La commission paritaire nationale visée à l'article 1.05 a se réunira au moins une fois par an pour discuter de la révision des salaires minima et de la valeur du point de formation-qualification. Toute révision des barèmes sera décidée sur la base d'un taux de revalorisation identique pour les cadres et la maîtrise au-delà de l'échelon 20.
b ) Salaire mensuel de référence
Le salaire mensuel de référence est la base de calcul de la valeur de 1 heure ou journée non travaillée pour quelque motif que ce soit, lorsqu'il s'agit soit de maintenir le salaire en cas d'absence indemnisée, soit d'opérer une déduction en cas d'absence non indemnisée. Les règles ci-après s'appliquent sous réserve de toute disposition législative ou conventionnelle prévoyant un mode de calcul plus avantageux pour le salarié dans le cas considéré.
Le salaire mensuel de référence est la rémunération, correspondant au travail, que le salarié aurait perçue au cours du mois considéré s'il avait travaillé sans s'absenter. Il est égal à la moyenne des rémunérations correspondant aux mois de salaire complet compris dans la période des 12 mois écoulés, à l'exclusion des éventuelles libéralités ou autres gratifications bénévoles, ainsi que de toutes primes non mensuelles telles que primes de vacances, 13e mois... lorsque leur montant n'est pas affecté par l'absence du salarié. Les mois complets sont ceux qui comportent exclusivement des périodes de travail et/ou des périodes d'absences indemnisées sur la base du salaire brut réellement maintenu ou reconstitué.
Ce salaire mensuel de référence ne peut, en tout état de cause, être inférieur au minimum mensuel garanti applicable au cours du mois pendant lequel l'absence est intervenue.

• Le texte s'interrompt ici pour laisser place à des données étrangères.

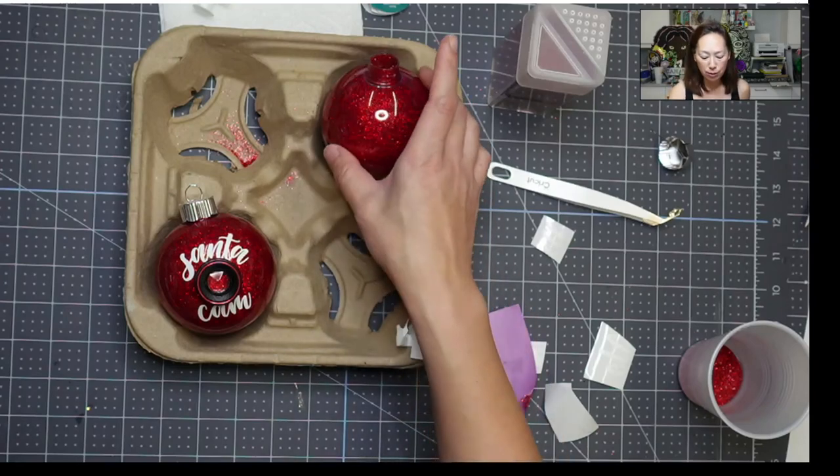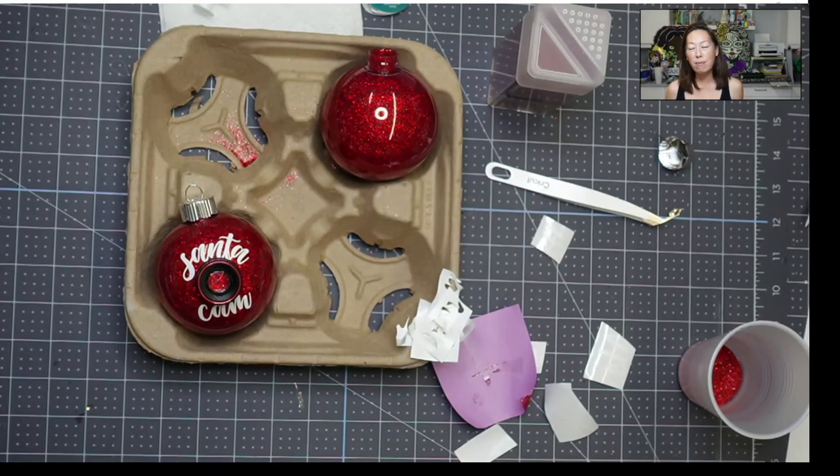This is also great to personalize. If you wanted to give someone an ornament — baby's first Christmas, Mr. and Mrs., established date — so cute to do. Let me know what you think. I will see you guys next time.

La valeur d'une heure de travail est égale au quotient du salaire mensuel de référence ainsi calculé par le nombre d'heures de travail prévues pour le mois considéré. La valeur d'une journée de travail est égale à 1/22 de ce salaire brut en cas de convention de forfait en jours telle que prévue à l'article 1.09 f , de 1/30 de ce salaire brut en cas de forfait sans référence horaire tel que prévu par l'article 1.09 g , et de 1/30 de ce salaire net pour déterminer le montant de l'indemnité journalière complémentaire d'incapacité de travail prévue par le règlement de prévoyance.
Article 1.18 — Bulletin de salaire. - Certificat de travail
a ) Bulletin de salaire
Un bulletin de salaire doit être remis par l'employeur au salarié lors de chaque échéance de paie, éventuellement sous forme électronique si le salarié ne s'y oppose pas.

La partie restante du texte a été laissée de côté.